-- Listed records follows --

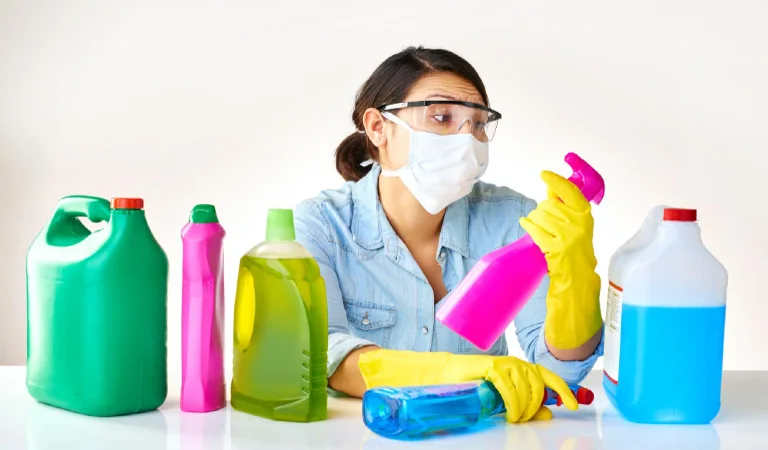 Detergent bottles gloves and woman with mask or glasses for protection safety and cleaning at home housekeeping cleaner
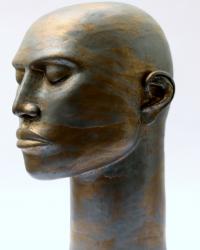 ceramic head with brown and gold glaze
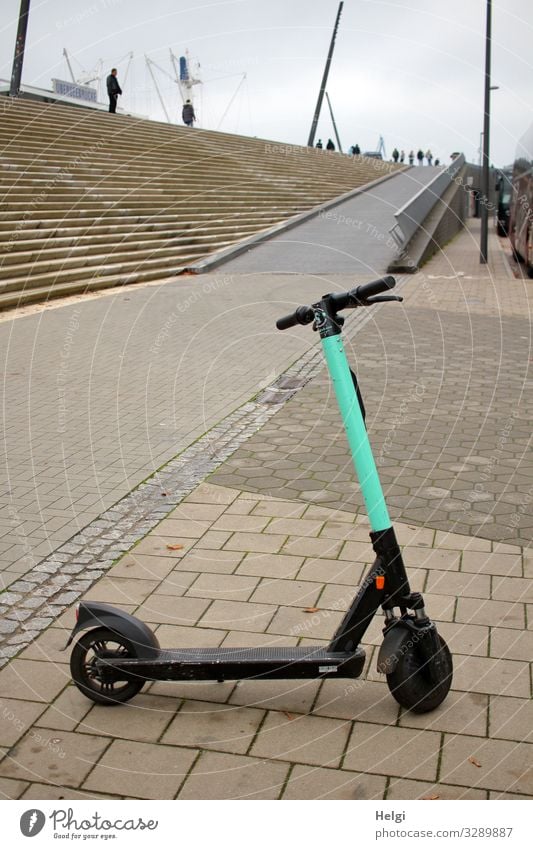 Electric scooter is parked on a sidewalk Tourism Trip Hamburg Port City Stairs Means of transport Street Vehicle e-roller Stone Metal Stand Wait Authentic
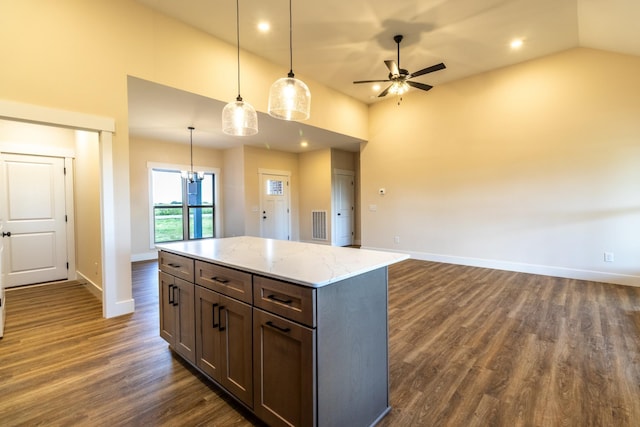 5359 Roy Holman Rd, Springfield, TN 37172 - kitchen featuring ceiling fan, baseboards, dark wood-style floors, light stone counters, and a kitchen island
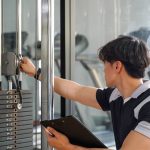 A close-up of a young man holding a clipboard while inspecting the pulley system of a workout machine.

-- Listed records concluded --
-- Listed records follows --

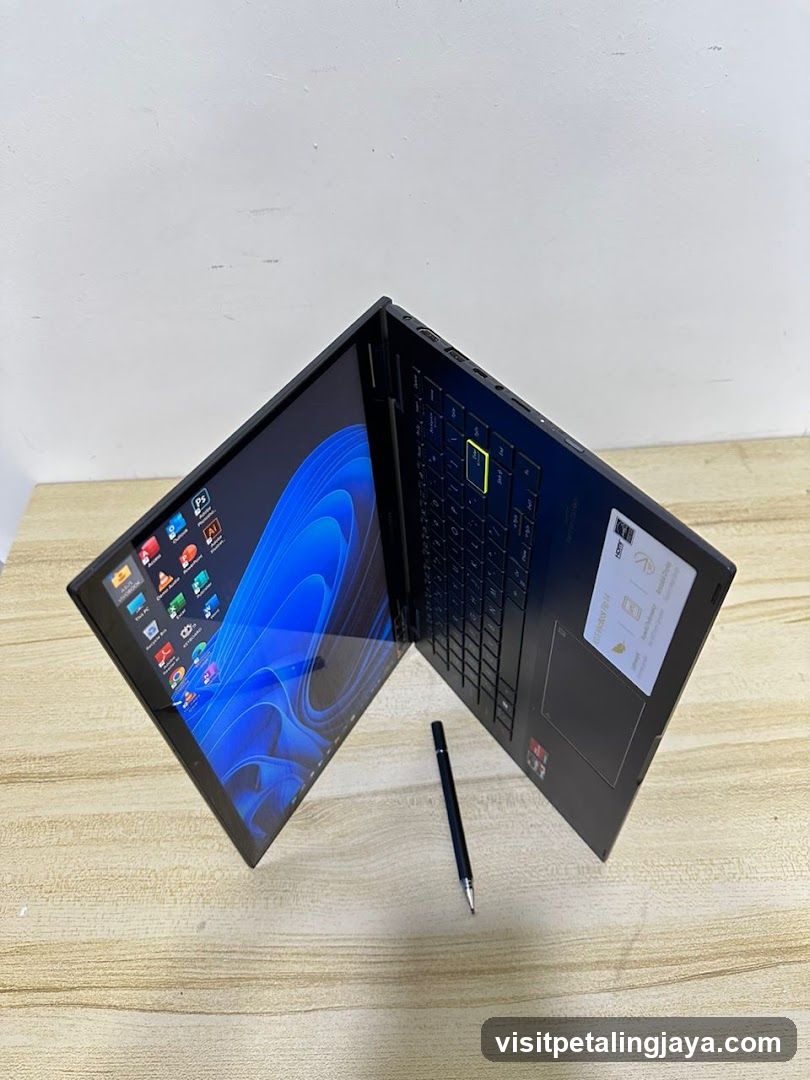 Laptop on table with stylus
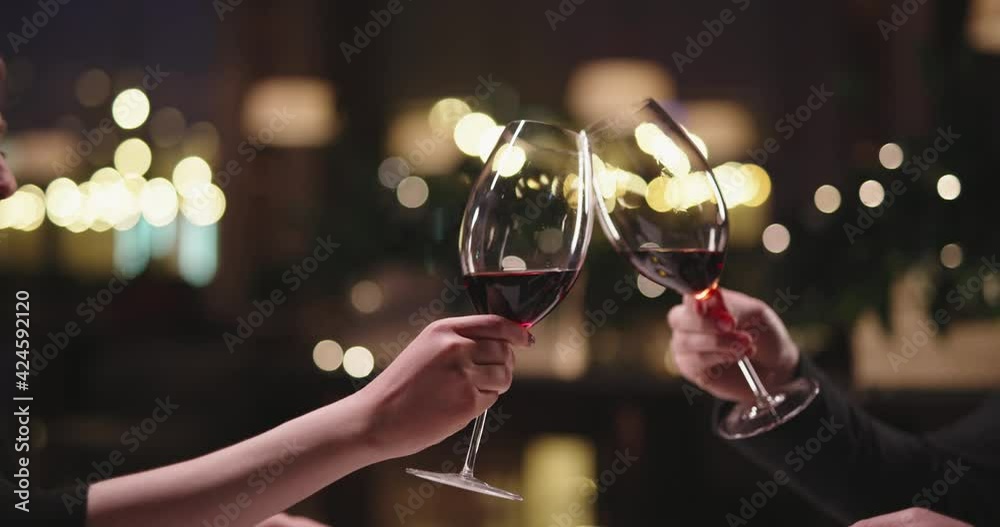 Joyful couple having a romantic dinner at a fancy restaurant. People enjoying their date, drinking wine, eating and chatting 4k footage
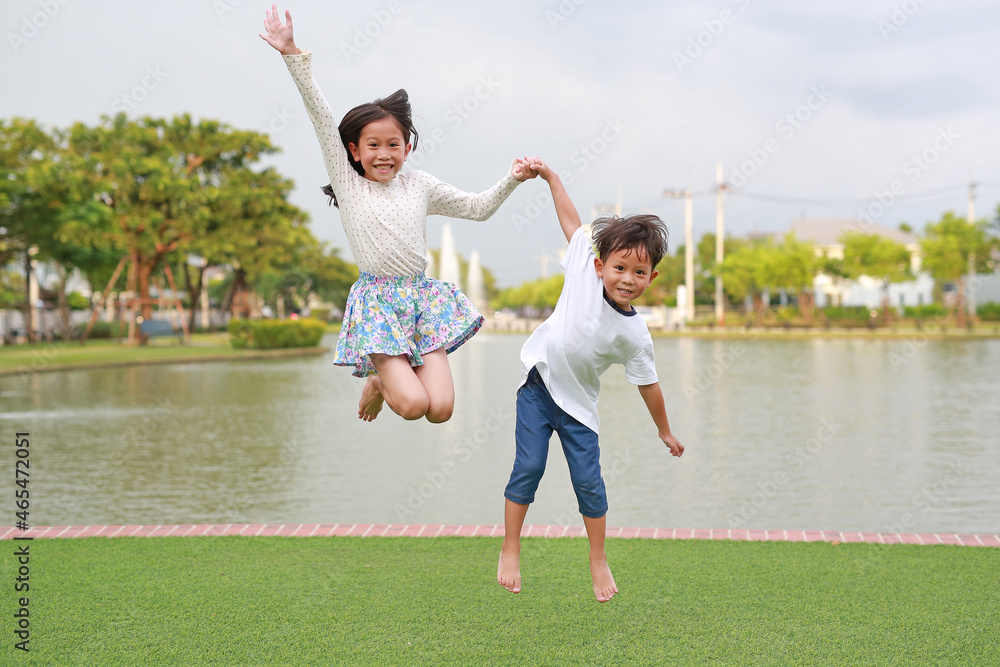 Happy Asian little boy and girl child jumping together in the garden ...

-- Listed records concluded --

● **Task to complete**
Output should consist of the lines above from the one with "Joyful couple having" down to the one with "Happy Asian little", exact and without pictures.

● **Answer to the exercise**
 Joyful couple having a romantic dinner at a fancy restaurant. People enjoying their date, drinking wine, eating and chatting 4k footage
 Happy Asian little boy and girl child jumping together in the garden ...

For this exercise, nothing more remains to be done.